I felt like writing something else this week. As it happens, no episodes of *War of the Worlds* aired during March of 1989 or 1990, and I’d planned to insert a gap of a few weeks in my own schedule there, to cover things like the Asylum movie and *ALF* and maybe the final episode of *Webster*. But there’s two more episodes of season one and one more of season two before that happens, and I feel like digressing now instead.

The Monty Hall Problem is a probability puzzle that’s in a class of problems that are unusual in just how ridiculously hard it is to make your brain believe the right answer despite how simple it is. When columnist Marilyn vos Savant presented the correct solution (With the caveat that the *specific phrasing* of the puzzle she used contained a significant point of ambiguity) to the puzzle in a 1990 column for *Parade* magazine, she was inundated with thousands of letters — many from PhDs — insisting she was wrong. Many of the writers were real assholes about it. Ridiculously famous mathematician Paul Erdős, famously, refused to believe the correct answer, even with formal mathematical proof, until he saw the result verified in computer simulation. I happened to overhear some people discussing the puzzle recently, and as usual, someone got it wrong and could not be convinced of the right answer.

The puzzle is this:

You are a contestant on $FAMOUS_GAME_SHOW. The host, $WELL_KNOWN_TELEVISION_PERSONALITY presents you with a choice of three doors. Behind one of these doors is a BRAND NEW CAR(!), while behind the other two are goats. You are asked to select one of the three doors. After you have made your selection, the host opens one of the unselected doors, revealing a goat. He offers you a choice: open the door you initially selected and claim the prize behind it, or switch your selection to the remaining closed door. What course of action should you choose?

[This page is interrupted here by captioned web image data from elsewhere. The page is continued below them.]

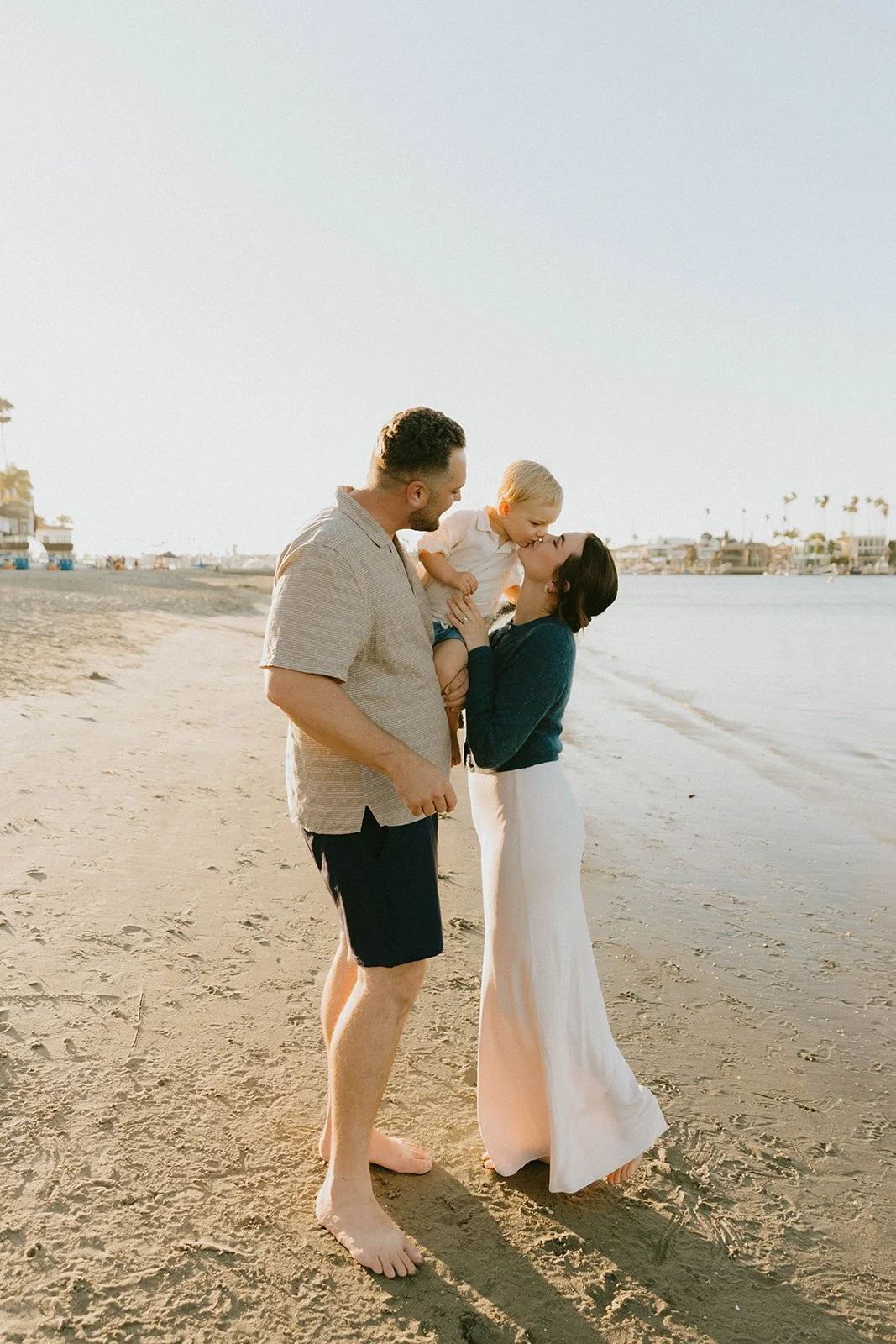 Carefree family laughing and playing at Huntington Beach — Best candid family photographers in Huntington Beach — Captured by Tesla Rae Photo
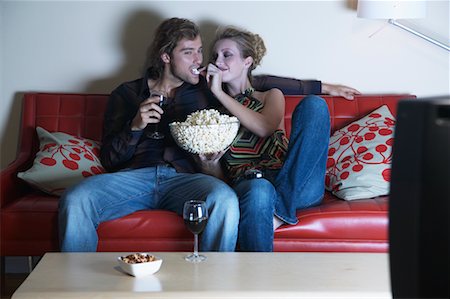 simsearch:700-00683334,k - Couple Watching Television and Eating Popcorn Stock Photo - Rights-Managed, Code: 700-00683329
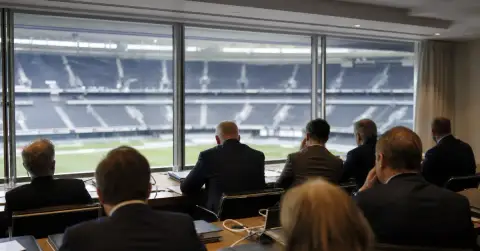Anonymous officials meet beside a view of an empty football stadium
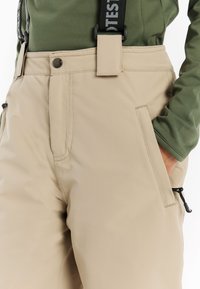Beige waterdichte broek met een gladde textuur, voorzien van zijzakken, een verstelbare riem en een knoopsluiting. Gecombineerd met een groene top.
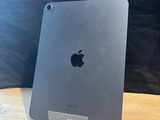 an apple ipad is sitting on top of a wooden table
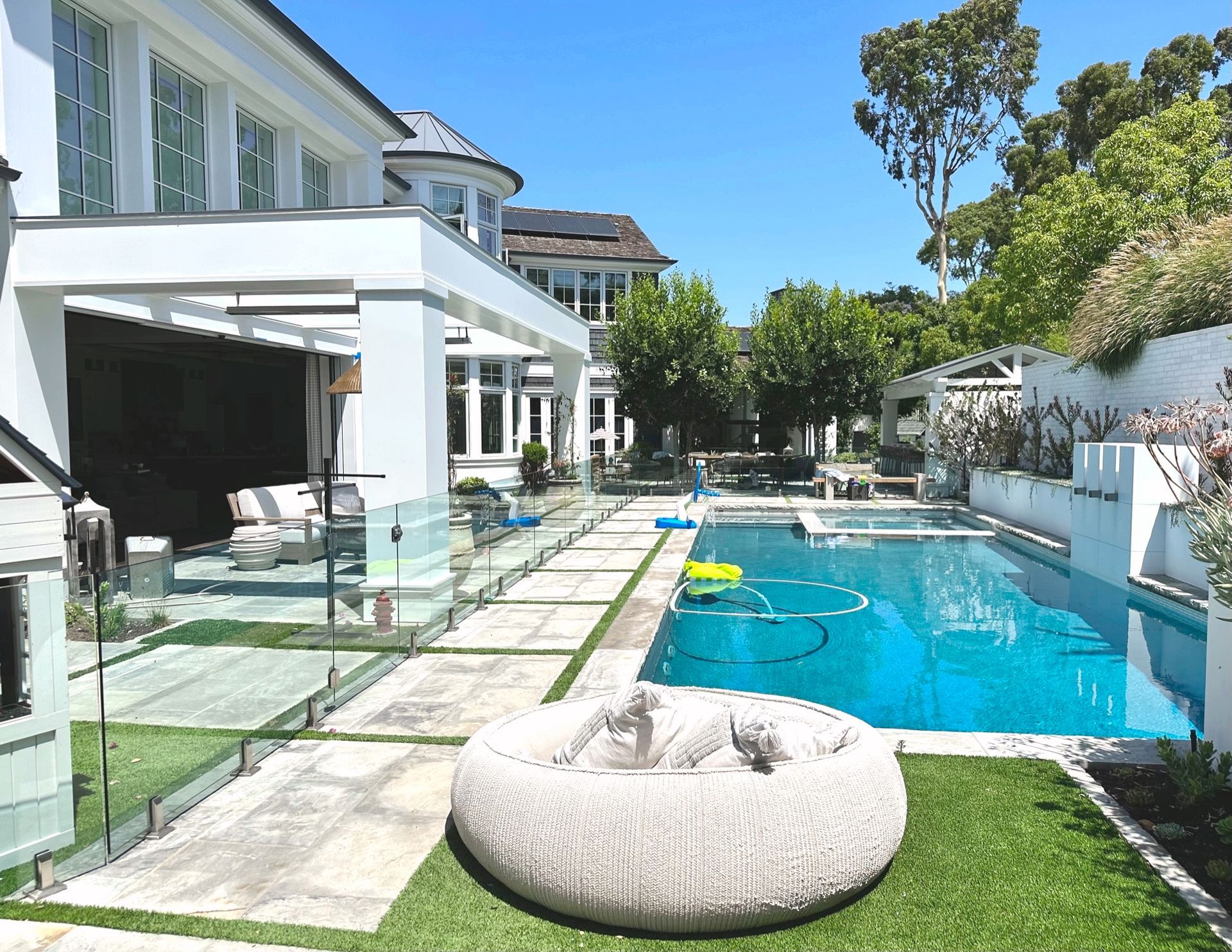 Large white house with pool, patio, and lush green lawn on a sunny day.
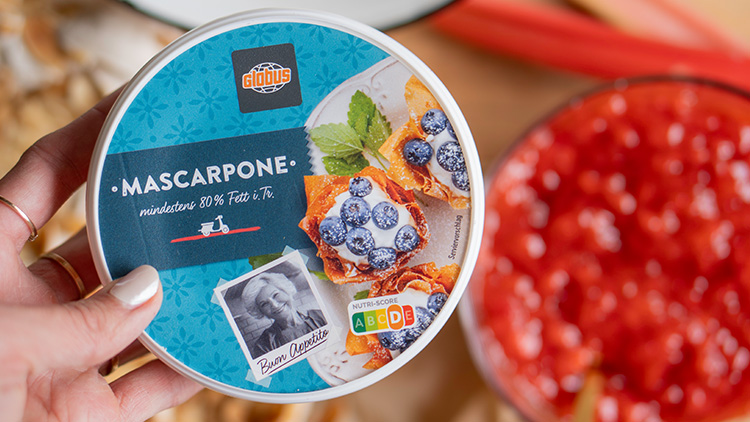 Runder Mascarpone-Becher von GLOBUS mit einem Bild von Gebäck mit Blaubeeren und Minze, dazu Nutri-Score A bis E.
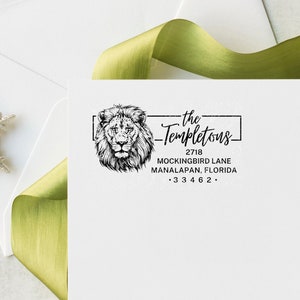 a white envelope with a stamp of a lion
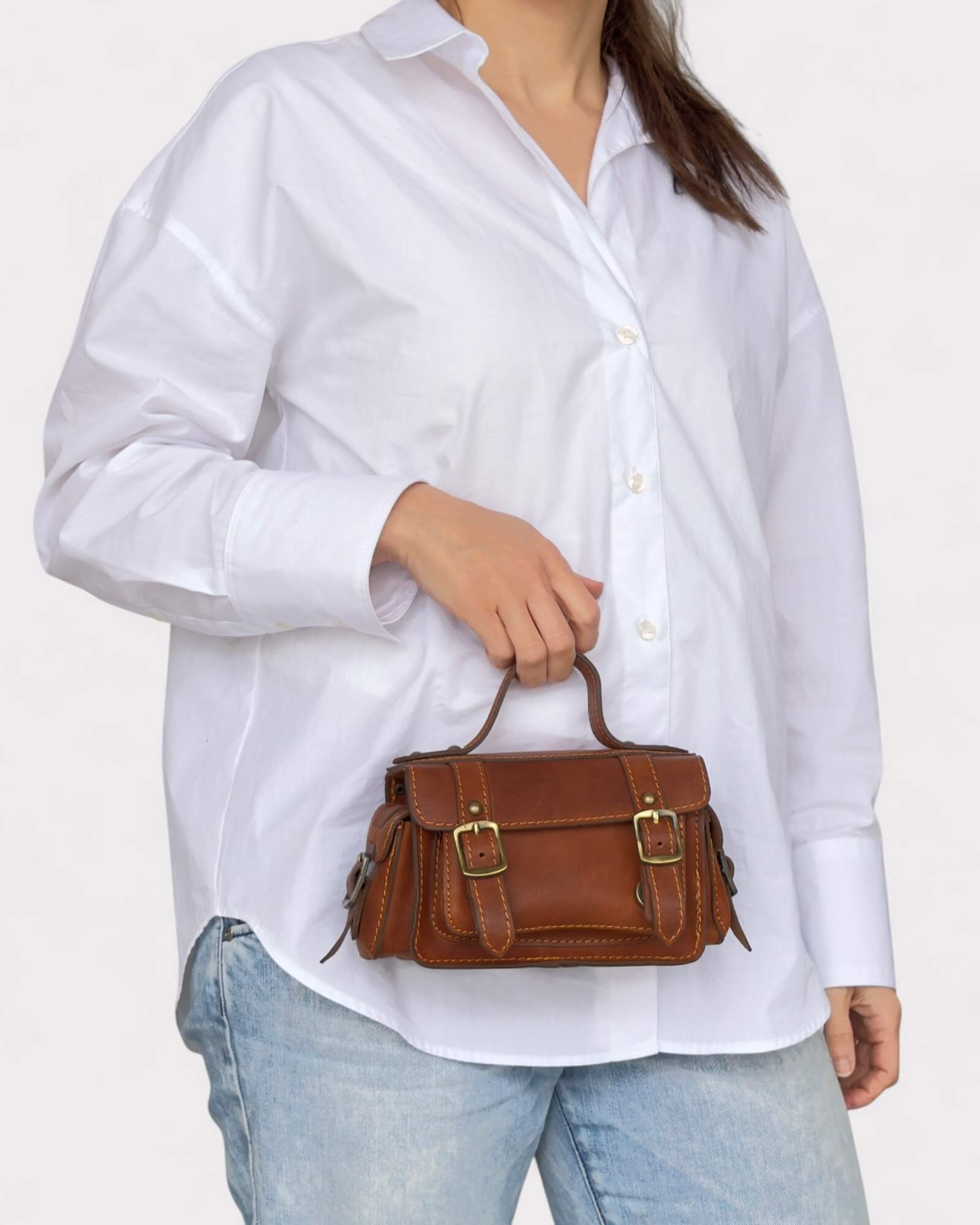 model carrying the brown crossbody satchel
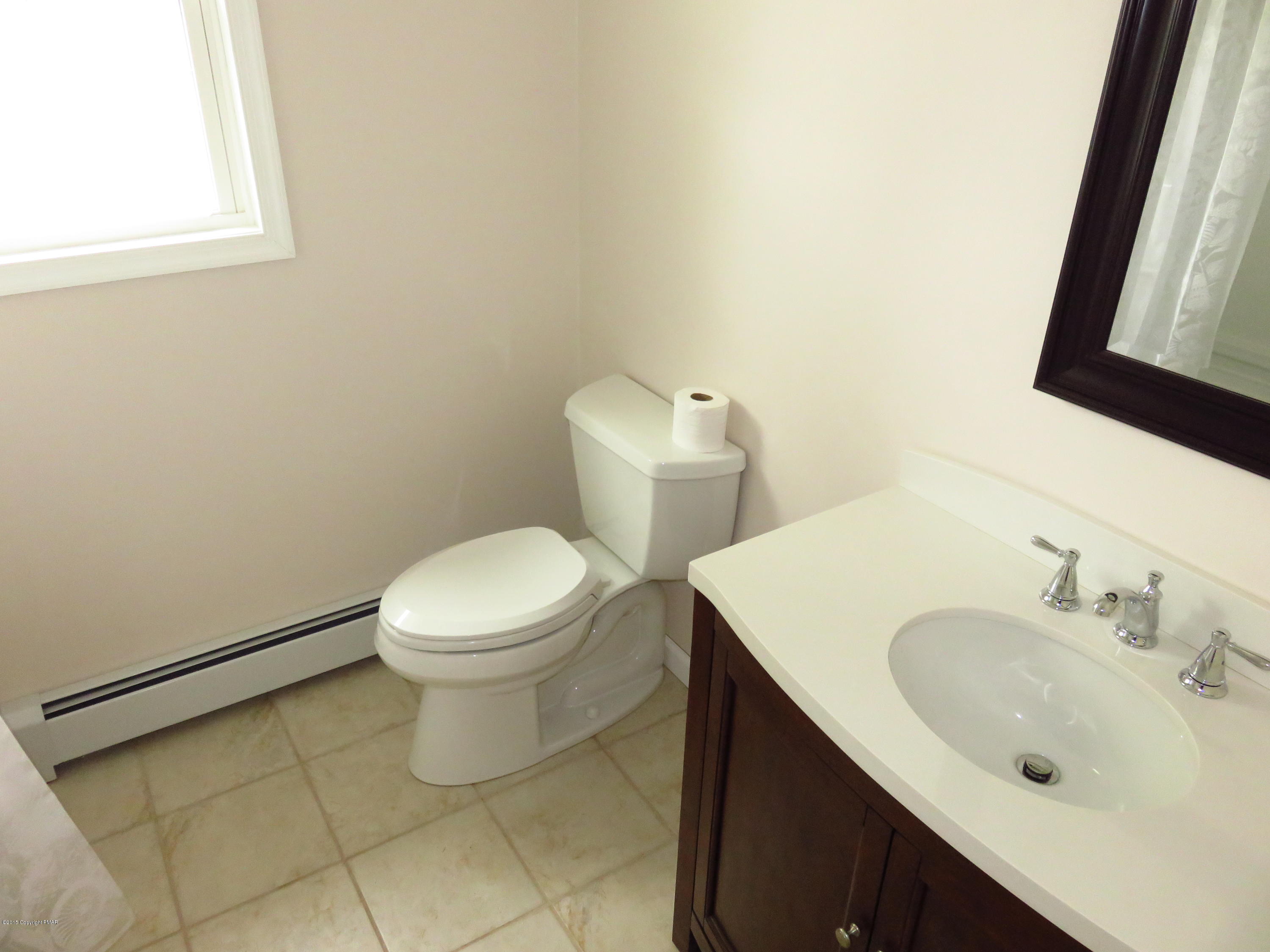 4066 Long Run Road Lehighton, PA 18235 - Photo 12 of 18 a bathroom with a sink a toilet and a mirror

If you haven’t already heard this one, you almost certainly think that it makes no difference whether or not you switch: the car is equally likely to be behind either door. But given that, whether or not you possess the comparatively rare gift of *statistical* literacy, you almost certainly possess basic *English* literacy to have worked out that if that were the answer, this would hardly be a famous brain teaser.

The answer, of course, is that you should always switch. The *probability* that switching is the right strategy depends on certain assumptions not present in the way I phrased the question, but there’s actually only one non-standard assumption you can make where switching is a bad idea (The one where Monty is an asshole and wouldn’t have opened the door had your initial choice been incorrect). Well, okay, switching is also a bad idea in the non-standard assumption that you’d rather win a goat than a car. Fair enough. My family already owns two cars, but zero goats. Some people think that clarifying the standard assumptions also makes the analysis more intuitive, but I don’t: the assumptions primarily impact the question “What’s the best general strategy on this game show?” rather than the question-as-asked, “What do you, the player, do next?”

These assumptions, for clarity, are:

- Monty
*always* opens a door and offers a switch
- Monty
*never* reveals the car when he opens a door
- If the player’s initial choice is the car, Monty chooses the door he will open at random

That third one in particular I think just makes things more complicated. It’s necessary to close a loophole where you might be able to deduce some extra information from which door Monty opens: if Monty has a preference for lower-numbered doors, then Monty opening door number three means you should absolutely switch — but, crucially, you should still switch even if he doesn’t. The other two conditions don’t actually apply in the specific case specified, since Monty *did* open a door and *didn’t* reveal a car. Removing them can reduce the probability that you should switch, but not below 50:50.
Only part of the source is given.